Passados uns meses, por ocasião de uma festa na escola, este rapaz “deu show” na sua expressão corporal, a qual encantou os espectadores, e rapidamente viu as raparigas a rodeá-lo, “gulosas”, perante um macho tão elegante e com uma relação tão boa e síncrona com o corpo.
Posso jurar que, passados uns dias, muitos alunos foram pedir aos respetivos pais para se inscreverem no ballet, e que o grupo o aceitou, ou dito de outra forma, o elegeu como um dos líderes.
Em muitos casos, porém, a força de vontade e o apoio em casa não é tão grande, as dúvidas surgem, e vai-se pelo caminho aparentemente mais fácil: ceder, “encarneirar”, dizer que sim a supostos chefes, mas ao mesmo tempo deixar para trás sonhos, ideias, ideais, tempo e a exploração mais profunda de aspetos que são, se devidamente colocados, muito estruturantes da personalidade: o poder de decisão, a responsabilidade, a autonomia, a afirmação do Eu e, até, a solidão.

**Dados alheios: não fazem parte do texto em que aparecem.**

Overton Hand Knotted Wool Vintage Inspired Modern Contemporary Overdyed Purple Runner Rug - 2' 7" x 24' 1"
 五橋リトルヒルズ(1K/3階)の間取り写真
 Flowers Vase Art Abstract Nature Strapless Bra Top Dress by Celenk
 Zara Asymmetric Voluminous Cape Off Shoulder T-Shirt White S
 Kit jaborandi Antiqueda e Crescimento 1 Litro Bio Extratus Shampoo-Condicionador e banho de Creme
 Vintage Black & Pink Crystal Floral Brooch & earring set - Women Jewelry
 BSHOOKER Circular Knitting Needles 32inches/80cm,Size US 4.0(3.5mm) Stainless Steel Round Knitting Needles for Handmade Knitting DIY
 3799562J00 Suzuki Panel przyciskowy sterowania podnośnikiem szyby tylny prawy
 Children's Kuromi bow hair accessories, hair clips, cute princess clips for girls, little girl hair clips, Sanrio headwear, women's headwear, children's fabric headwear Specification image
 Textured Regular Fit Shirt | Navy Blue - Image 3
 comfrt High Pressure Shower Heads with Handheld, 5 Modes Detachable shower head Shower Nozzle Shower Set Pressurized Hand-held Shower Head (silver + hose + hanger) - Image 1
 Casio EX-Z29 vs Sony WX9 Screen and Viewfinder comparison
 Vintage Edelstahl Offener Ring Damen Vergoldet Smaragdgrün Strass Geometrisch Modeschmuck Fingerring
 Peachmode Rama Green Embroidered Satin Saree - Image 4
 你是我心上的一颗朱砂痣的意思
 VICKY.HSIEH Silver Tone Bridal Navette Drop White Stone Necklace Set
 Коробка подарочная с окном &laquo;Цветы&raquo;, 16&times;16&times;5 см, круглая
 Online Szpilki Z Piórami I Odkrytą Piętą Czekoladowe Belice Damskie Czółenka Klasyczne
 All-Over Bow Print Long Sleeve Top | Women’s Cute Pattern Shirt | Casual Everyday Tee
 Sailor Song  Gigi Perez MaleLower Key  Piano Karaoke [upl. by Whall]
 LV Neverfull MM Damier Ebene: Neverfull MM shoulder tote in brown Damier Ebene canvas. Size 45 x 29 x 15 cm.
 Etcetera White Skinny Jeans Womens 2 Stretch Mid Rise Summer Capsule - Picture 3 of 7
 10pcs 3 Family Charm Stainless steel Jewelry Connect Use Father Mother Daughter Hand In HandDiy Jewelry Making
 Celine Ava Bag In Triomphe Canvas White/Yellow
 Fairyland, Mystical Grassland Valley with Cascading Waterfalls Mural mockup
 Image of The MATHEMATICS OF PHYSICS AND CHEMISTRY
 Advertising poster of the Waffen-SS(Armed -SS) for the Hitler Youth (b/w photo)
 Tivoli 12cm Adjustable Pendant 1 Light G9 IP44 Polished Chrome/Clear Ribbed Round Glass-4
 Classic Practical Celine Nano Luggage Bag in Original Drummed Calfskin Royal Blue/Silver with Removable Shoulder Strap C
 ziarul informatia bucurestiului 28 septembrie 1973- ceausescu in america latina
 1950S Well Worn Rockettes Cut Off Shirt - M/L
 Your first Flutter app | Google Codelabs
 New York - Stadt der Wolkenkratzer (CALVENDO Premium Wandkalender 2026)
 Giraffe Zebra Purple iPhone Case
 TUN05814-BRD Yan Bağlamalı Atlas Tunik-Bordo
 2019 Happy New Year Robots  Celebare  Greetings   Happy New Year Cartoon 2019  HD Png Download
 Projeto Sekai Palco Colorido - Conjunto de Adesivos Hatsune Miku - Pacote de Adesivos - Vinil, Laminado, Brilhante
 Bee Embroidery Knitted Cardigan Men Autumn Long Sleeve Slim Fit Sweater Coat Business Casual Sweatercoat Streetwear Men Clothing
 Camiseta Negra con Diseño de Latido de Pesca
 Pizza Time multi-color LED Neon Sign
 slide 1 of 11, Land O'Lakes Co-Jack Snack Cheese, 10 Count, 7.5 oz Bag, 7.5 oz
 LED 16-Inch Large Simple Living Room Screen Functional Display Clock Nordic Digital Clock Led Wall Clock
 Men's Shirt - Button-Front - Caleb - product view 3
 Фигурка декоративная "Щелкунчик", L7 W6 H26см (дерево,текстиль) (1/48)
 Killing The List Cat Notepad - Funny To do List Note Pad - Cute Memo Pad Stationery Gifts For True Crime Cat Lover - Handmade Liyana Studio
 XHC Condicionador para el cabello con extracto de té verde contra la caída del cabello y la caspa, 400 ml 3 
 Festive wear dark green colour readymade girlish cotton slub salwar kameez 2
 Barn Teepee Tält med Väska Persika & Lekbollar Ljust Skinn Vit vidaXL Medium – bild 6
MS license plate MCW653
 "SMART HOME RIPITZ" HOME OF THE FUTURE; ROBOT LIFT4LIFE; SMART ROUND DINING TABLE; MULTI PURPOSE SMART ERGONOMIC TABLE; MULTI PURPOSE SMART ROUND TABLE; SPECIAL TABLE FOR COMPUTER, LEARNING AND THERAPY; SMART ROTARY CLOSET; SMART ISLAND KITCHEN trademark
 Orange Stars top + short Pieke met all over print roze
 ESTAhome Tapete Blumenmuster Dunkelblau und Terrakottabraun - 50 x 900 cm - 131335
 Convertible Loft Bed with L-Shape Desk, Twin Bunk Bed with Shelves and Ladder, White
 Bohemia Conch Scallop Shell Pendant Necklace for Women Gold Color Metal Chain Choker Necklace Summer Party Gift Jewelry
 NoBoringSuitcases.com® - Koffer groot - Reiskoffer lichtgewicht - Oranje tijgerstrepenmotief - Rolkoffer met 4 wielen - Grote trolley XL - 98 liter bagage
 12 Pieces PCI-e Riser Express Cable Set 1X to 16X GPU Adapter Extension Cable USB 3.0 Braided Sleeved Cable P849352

Que os adultos não se distraiam e que se lembrem sempre de escutar os mais novos e apoiá-los, no seu percurso de vida. Que as crianças e adolescentes saibam que, na vida social, há que fazer compromissos e cedências, mas nunca abdicar do que somos para agradar aos grupos ou a efémeros gurus. Finalmente, que a arte nobre da dança e no caso particular o ballet, quando praticado por rapazes, que deixe de ser visto como muitas vezes ainda é, e sejamos francos: um “caso de orientação sexual”. De todos os disparates que se dizem, este deve ser um dos maiores. Rapaziada: gostam de dançar e de ballet? Força e apliquem-se!